Cognitive Decline and Alzheimer’s Linked to Low Systemic REST Levels and Deficient Stress Protection of the Aging Brain
A study published in Translational Psychiatry indicates that low systemic (plasma) levels of the repressor element 1-silencing transcription (REST) factor represent a candidate biomarker of cognitive decline and Alzheimer’s disease (AD). The study also suggests that low systemic REST levels may be associated with a poor brain stress protection during aging.
Recent research suggests that the REST factor is a major regulator of the aging brain’s stress response. It appears that during aging REST may act as a neuronal protective factor by suppressing genes that drive neurotoxic processes resulting in cognitive decline and neuronal death. REST is almost absent from the nucleus of cortical and hippocampal neurons in AD, frontotemporal dementia and dementia with Lewy bodies.
It is known that psychological distress and female sex are risk factors for Alzheimer’s degeneration. Stress also increases the risk of developing amnestic cognitive impairment and dementia. Of note, REST is dysregulated in depression, a ‘stress’-related disorder with increased risk for AD. Moreover, anxiety is a predictor for cognitive decline and dementia, while anxiety and vulnerability to stress contribute to the development of dementia.
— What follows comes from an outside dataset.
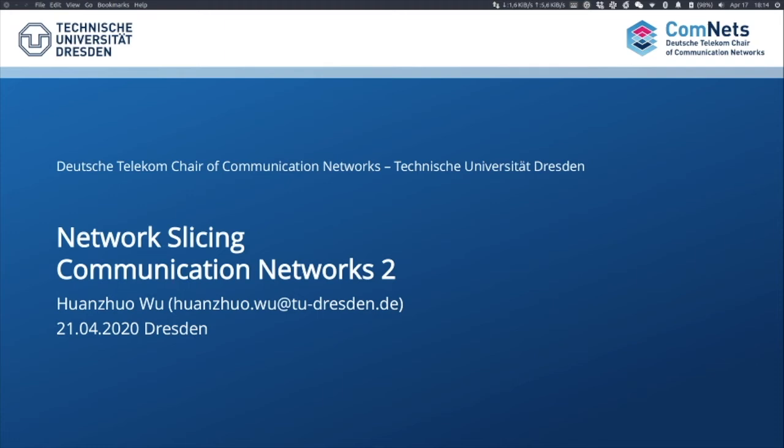Welcome to COMnet2 lecture. I am Huan Zuo Wu. Today I am going to introduce the concept of network slicing.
In the Translational Psychiatry study, NJ Ashton and colleagues from the Institute of Psychiatry, Psychology and Neuroscience, King’s College London, UK report that the blood plasma REST levels are reduced in AD compared to healthy elderly controls (HECs).
The researchers found that patients with mild cognitive impairment (MCI) who later converted to AD had low plasma REST levels, whereas nonconverters or participants with stable MCI had a REST levels comparable to healthy control individuals.
Of note, and as discussed by the authors it remains unclear whether the peripheral blood REST measured in their study reflects levels in the central nervous system.
The authors also used mindfulness-based stress reduction (MBSR) intervention, demonstrating that REST levels can be modulated through this relatively brief intervention, and that changes in REST are associated with clinical improvements. Importantly, they report that in older adults at risk of developing dementia, a significant increase in REST levels was induced by a stress reduction intervention after 8 weeks.
The authors conclude that “determining REST in blood provides a prognostic marker that can help stratify patients for inclusion in trials, identify those at high risk of ‘stress-induced’ cognitive decline and determine the efficacy of therapeutic interventions”.